-- SUPPLIED INFORMATION follows --
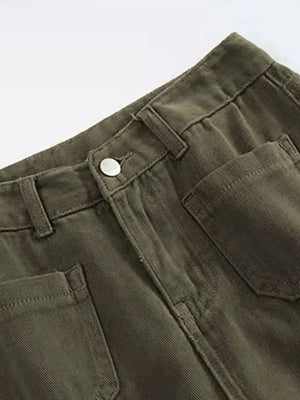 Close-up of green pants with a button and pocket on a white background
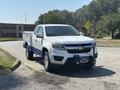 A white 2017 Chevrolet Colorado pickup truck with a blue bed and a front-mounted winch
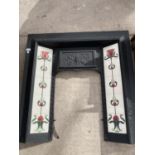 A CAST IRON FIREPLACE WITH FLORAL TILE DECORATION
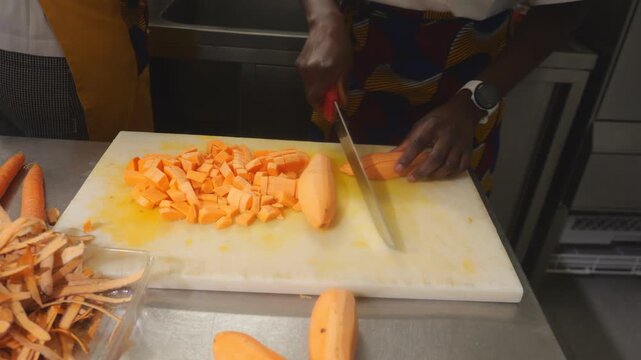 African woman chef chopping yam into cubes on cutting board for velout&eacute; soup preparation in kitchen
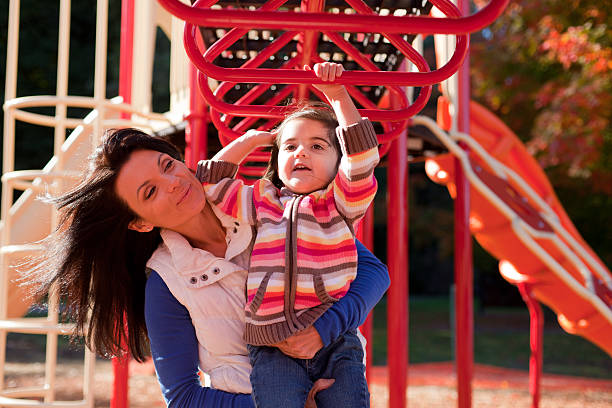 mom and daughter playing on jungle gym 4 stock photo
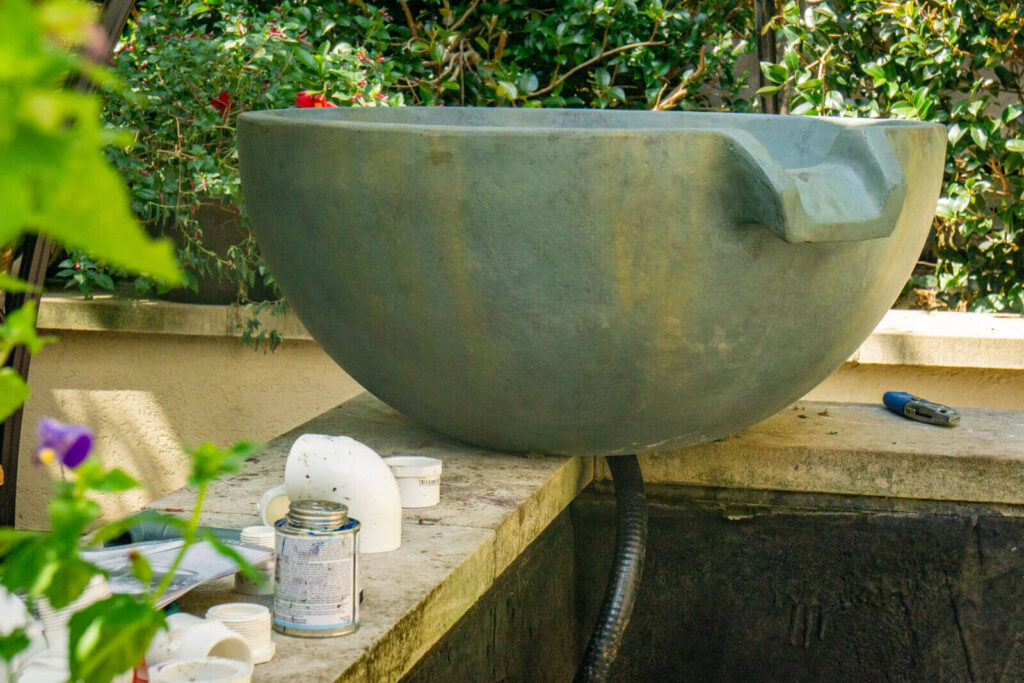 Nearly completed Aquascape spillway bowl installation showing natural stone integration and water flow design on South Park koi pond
-- SUPPLIED INFORMATION concluded --
Write out all of the data above exactly, without any of its pictures.

EXERCISE ANSWER =>
 Close-up of green pants with a button and pocket on a white background
 A white 2017 Chevrolet Colorado pickup truck with a blue bed and a front-mounted winch
 A CAST IRON FIREPLACE WITH FLORAL TILE DECORATION
 African woman chef chopping yam into cubes on cutting board for velout&eacute; soup preparation in kitchen
 mom and daughter playing on jungle gym 4 stock photo
 Nearly completed Aquascape spillway bowl installation showing natural stone integration and water flow design on South Park koi pond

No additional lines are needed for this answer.